Si ya es extraño e históricamente improbable que un ser humano deba atravesar la experiencia de una pandemia, para los vecinos de esta remota capital de provincias lo es aún más atravesar el periodo entre el seis y el quince de julio sin sus fiestas patronales, una jarana convertida por mor del turismo y las comunicaciones globales en un referente del calendario mundial del ocio. Y sin embargo, así ha ocurrido este año. Lo más intrigante es la docilidad y sosiego con que el vecindario ha aceptado la circunstancia. Diríase que la ciudad está más vacía que cualquier otro día del año y sus habitantes no se refieren a las fiestas perdidas en sus conversaciones e intercambios de negocios, como si la gris ausencia de jolgorio respondiera al deseo más íntimo del personal, lo que induce a pensar sobre el carácter constrictivo de la fiesta misma. Desde luego, entre los más viejos del lugar se detecta una secreta satisfacción.

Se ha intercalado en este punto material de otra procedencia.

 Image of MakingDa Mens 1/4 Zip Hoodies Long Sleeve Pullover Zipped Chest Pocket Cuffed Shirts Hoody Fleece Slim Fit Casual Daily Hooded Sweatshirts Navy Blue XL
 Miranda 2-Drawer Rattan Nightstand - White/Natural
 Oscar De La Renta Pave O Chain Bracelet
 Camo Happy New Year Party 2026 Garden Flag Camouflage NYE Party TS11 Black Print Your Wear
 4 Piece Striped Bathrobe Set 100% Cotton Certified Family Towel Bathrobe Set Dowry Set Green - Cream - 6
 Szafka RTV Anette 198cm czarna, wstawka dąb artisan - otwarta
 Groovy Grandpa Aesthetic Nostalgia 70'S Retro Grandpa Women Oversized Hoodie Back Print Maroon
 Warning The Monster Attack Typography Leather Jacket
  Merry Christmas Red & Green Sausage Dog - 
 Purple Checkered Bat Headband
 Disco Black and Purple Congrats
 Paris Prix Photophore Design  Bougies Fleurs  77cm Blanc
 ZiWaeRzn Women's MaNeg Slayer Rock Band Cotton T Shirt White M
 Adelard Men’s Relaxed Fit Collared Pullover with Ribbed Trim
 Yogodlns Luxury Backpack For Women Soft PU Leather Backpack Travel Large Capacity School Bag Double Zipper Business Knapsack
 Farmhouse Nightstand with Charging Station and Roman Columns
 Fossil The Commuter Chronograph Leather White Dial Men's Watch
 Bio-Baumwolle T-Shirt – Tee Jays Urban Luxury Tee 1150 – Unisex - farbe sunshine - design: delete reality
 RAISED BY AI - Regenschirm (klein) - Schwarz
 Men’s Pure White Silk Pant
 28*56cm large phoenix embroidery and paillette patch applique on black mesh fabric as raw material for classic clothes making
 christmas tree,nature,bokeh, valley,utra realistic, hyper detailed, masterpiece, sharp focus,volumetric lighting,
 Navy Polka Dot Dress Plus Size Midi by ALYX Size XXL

La municipalidad se ha mostrado parca en gestos de condolencia porque en el fondo se ha librado de un engorro que cada año tensa los servicios públicos, que han de velar más por los riesgos que crea la situación que por las satisfacciones que aporta. En el balcón consistorial se ha colgado un mensaje en cuatro idiomas que quiere ser consolador –Los viviremos– y que evoca las rutinarias fórmulas de pésame con que los deudos recuerdan que se encontrarán con el difunto en la vida eterna. Hace ya décadas que los sanfermines dejaron de ser una fiesta popular, en el sentido clásico del término, para convertirse en un tinglado teatral proyectado por la televisión a todo el orbe. En cada edición anual, la fiesta se ve obligada a adaptarse a los cambios políticos, tecnológicos y sociales impuestos por el entorno, incluida en los últimos tiempos la discusión sobre la pervivencia del espectáculo taurino, que constituye su médula espinal, y ahora la pandemia, así que podría decirse que la ciudad se ha confinado para eludir su propia fiesta.
En la calle no queda ninguna huella del carácter festivo de estas fechas. Las pocas celebraciones semiprivadas que se programaron en bares y peñas para llenar el vacío fueron restringidas de propia iniciativa de hosteleros y participantes, aunque no con suficiente rigor, a lo que parece. En realidad, el gimoteo por la fiesta perdida ha sido una impostura de los reportajes televisivos, más debida a la rutina mediática que a la realidad social. Algunos jóvenes, muy pocos, visten la indumentaria tradicional en blanco y rojo y parecen vestigios insomnes de la pesadillesca uniformidad de otros años. Estos guardianes residuales de la fiesta recuerdan a los vejetes tocados con la boina roja, antiguos combatientes de guerras y cruzadas carlistas, que en nuestra remota infancia aún veíamos acodados en la barra de los bares de la parte vieja de la ciudad. Los sanfermines volverán, sin duda, porque lo contrario sería una aciaga señal, pero entretanto disfrutemos de estos raros días de asueto.